Ia pun mengapresiasi Pemkot Jayapura yang langsung membentuk Tim Tanggap Darurat untuk menangani bencana tersebut.
“Uang tunai untuk operasional dan bahan makanan bagi masyarakat yang membutuhkan. Berikutnya bangunan ataupun fasilitas akan kami cek supaya pelayanan segera normal kembali,” kata Fajar Setyawan dalam sesi jumpa pers di RSUD Dok II, Jayapura, Sabtu (11/2/2023) siang.
Ia menuturkan, secara umum kondisi Kota Jayapura sudah kembali kondusif dan cukup terkendali.
“Penanganan darurat dan pelayanan Posko oleh Pemkot Jayapura di sini sudah baik, sehingga kami lakukan pendampingan dan pemantauan,” katanya.
Ia pun mengimbau kepada warga Kota Jayapura, agar tak terlalu kwatir dan panik. Ia yakin tim tanggap darurat Kota Jayapura akan bekerja maksimal dalam melayani warga.
“Gempa susulan biasanya sesuai teori Insya Allah tak akan lebih dari gempa utama. Warga tetap waspada tapi jangan panik,” jelasnya.

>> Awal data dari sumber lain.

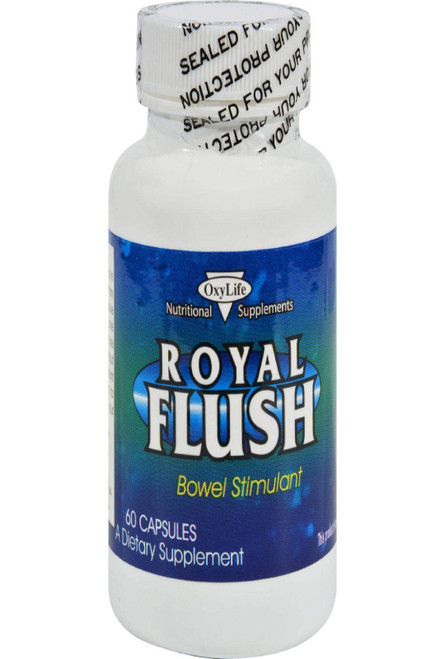 Oxylife Royal Flush, 60 Count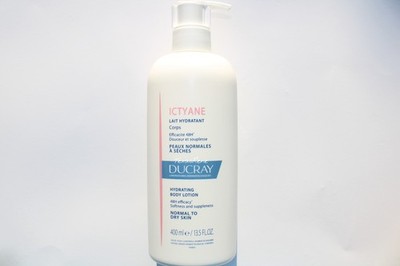 Ducray Ictyane Hydrating Body Lotion 400ml Normal to Dry Skin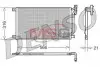 Радиатор кондиционера BMW X3 (E83) 04-11,3 (E46) 98-07 DENSO DCN05003 (фото 1)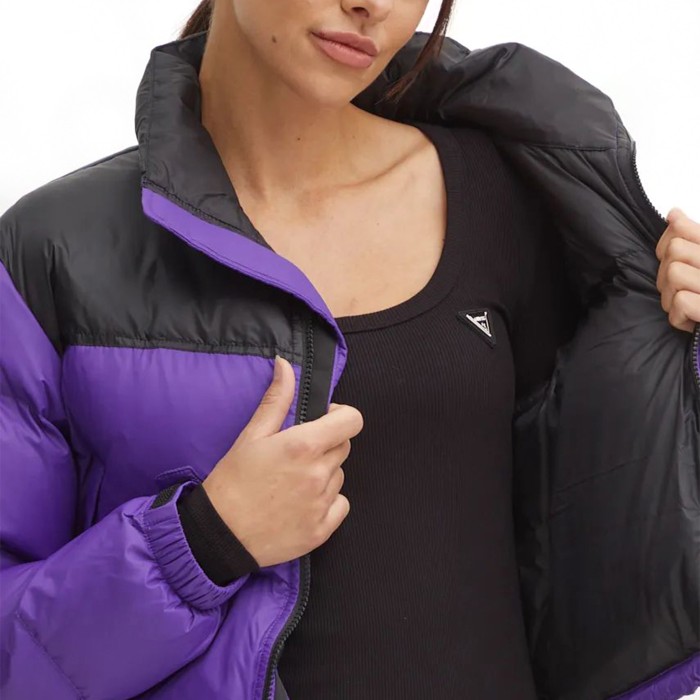 куртка nuptse short jacket по цене 36290 руб вид справа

Plt. Pusat Data Informasi dan Komunikasi Kebencanaan (Pusdatinkom) BNPB Abdul Muhari PhD, dalam kesempatan itu minta, agar warga dapat mengecek bangunan tempat tinggal masing-masing. Hal ini penting dilakukan, untuk melihat kelayakan kondisi bangunan.
Ia juga memberikan tips kepada masyarakat sebagai bentuk antisipasi dini saat gempa terjadi.
“Ada tips sederhana dari kami, jadi warga silahkan praktikan, ambil kaleng bekas lalu disusun tiga, kemudian letakan di atas lemari (ujung lemari) kemudian isi batu di dalamnya.
Nah, ketika kaleng ini jatuh saat gempa susulan terjadi, itu tandanya kita harus keluar rumah. Pastikan juga jalan atau akses keluar itu bersih. Jadi waspada harus, takut jangan,” jelas Abdul Muhari.
Cek Bangunan Terdampak Gempa
Penjabat Wali Kota Jayapura, Frans Pekey di kesempatan yang sama juga mengharapkan warga tak panik saat gempa susulan terjadi.
Ia mengapresiasi semua pihak termasuk BPDB Pusat yang datang langsung ke Kota Jayapura.
Kata Pekey, rumah warga yang tak berdampak gempa tetap harus memperhatikan beberapa keadaan, baik itu kondisi tanah ataupun daerah tempat tinggal.
“Kami Pemkot sudah bentuk tim tanggap darurat bencana dan siap untuk melayani warga terdampak,” katanya.
Tim penannggulangan bencana, kata Penjabat Walikota, terus mendata kerusakan yang terjadi akibat gempa.
“Ya, kami mendata secara rinci untuk memastikan kerusakan bangunan, karena itu kami minta dinas terkait, untuk memastikan kondisi bangunan terutama fasilitas umum layak atau tidak,” kata Pekei.
Dikatakan hal ini penting untuk menurunkan kepanikan dari masyarakat dan menjamin pelayanan kepada masyarakat berjalan lancar.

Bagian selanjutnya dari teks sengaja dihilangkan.